Below is a listing. Return the lines from the one that contains "Complex Publication Patterns" to the one that contains "NEO NOIR Maxi-jurk", both ends included, verbatim and with no pictures.

** MATERIAL PROVIDED follows **

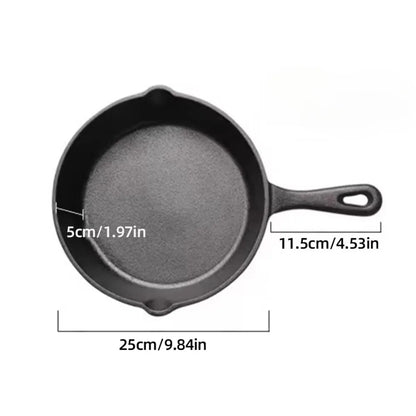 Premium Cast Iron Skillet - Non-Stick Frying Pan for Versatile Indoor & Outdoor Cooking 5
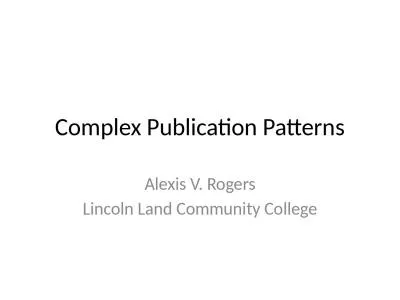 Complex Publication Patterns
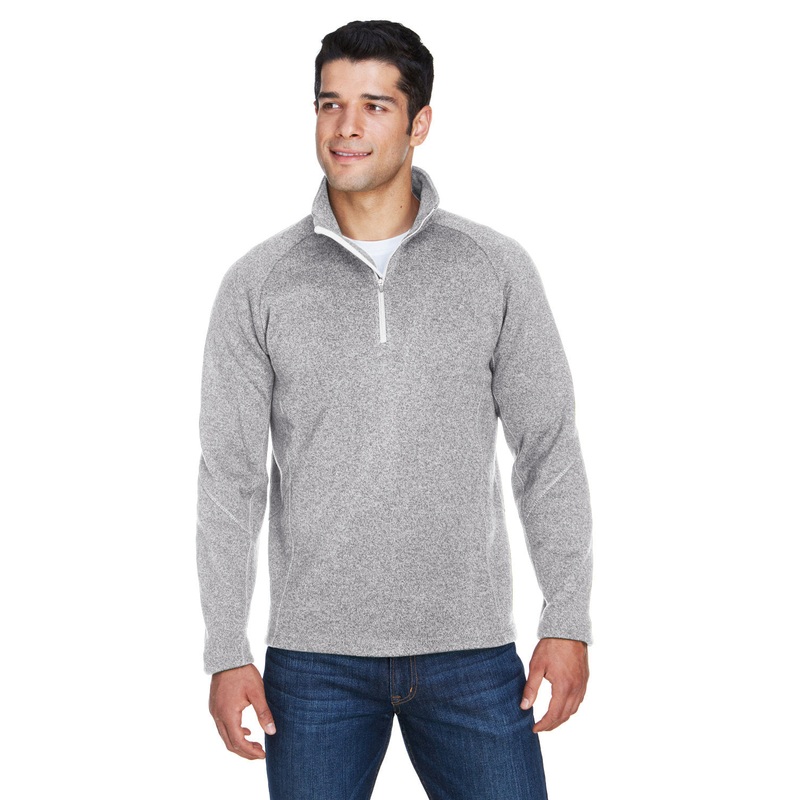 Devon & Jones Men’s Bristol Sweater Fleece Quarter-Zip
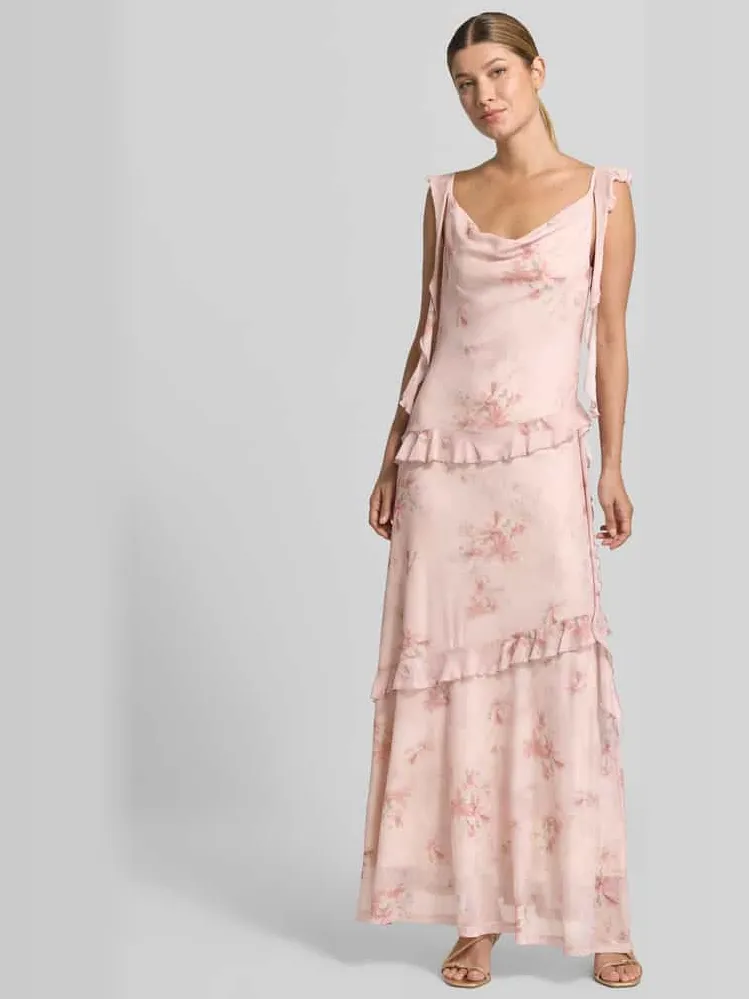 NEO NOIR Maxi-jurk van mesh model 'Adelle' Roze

** End of MATERIAL PROVIDED **
** MATERIAL PROVIDED follows **

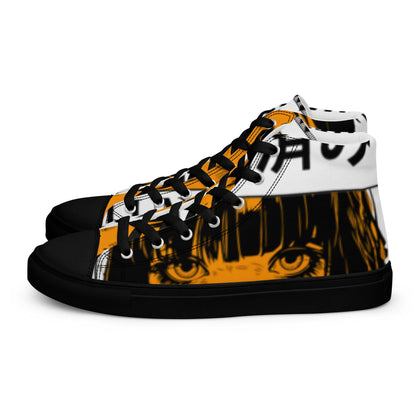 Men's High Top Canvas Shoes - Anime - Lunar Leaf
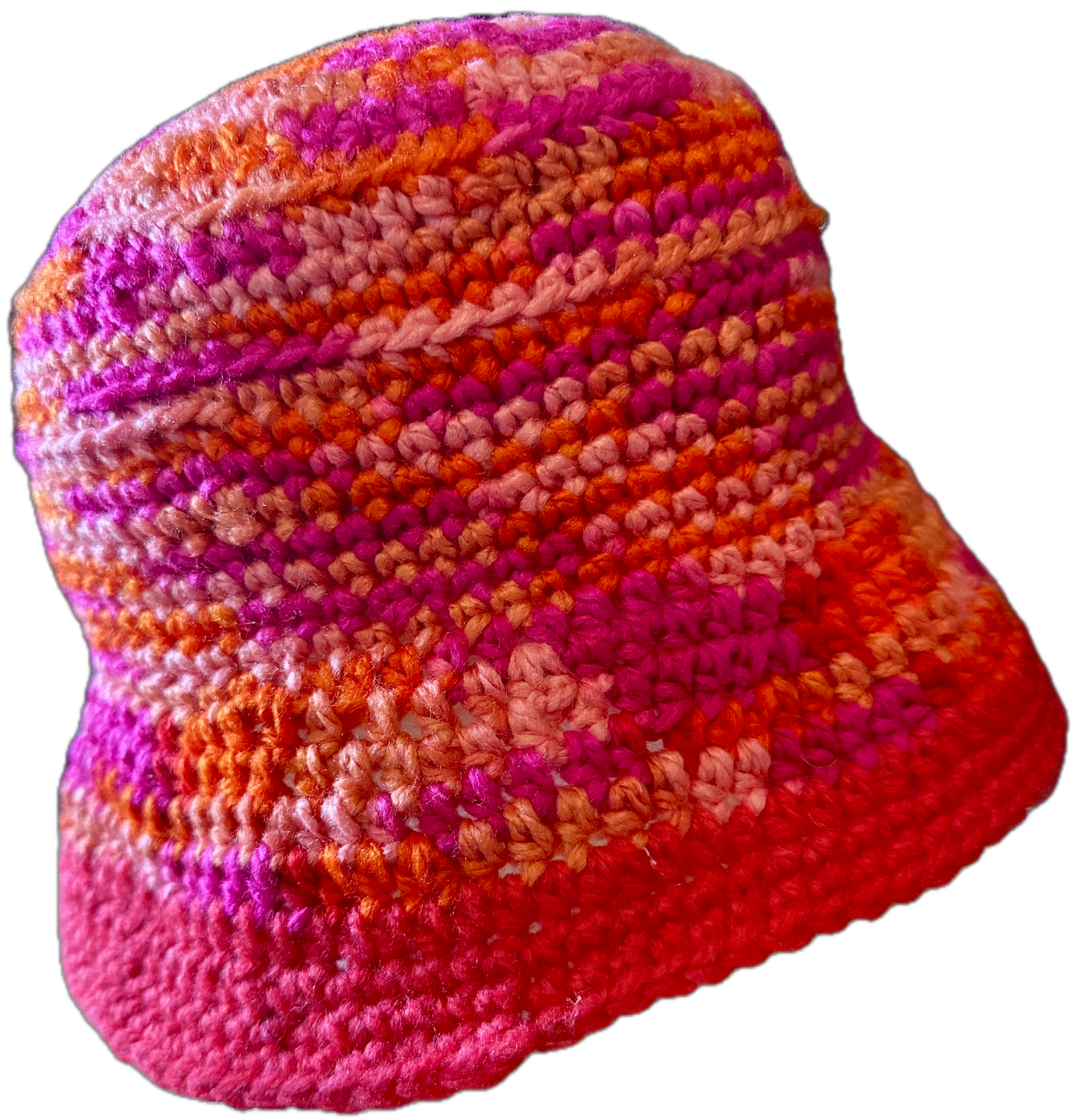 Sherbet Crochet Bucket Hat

** End of MATERIAL PROVIDED **

ANSWER SPACE »
 Complex Publication Patterns
 Devon & Jones Men’s Bristol Sweater Fleece Quarter-Zip
 NEO NOIR Maxi-jurk van mesh model 'Adelle' Roze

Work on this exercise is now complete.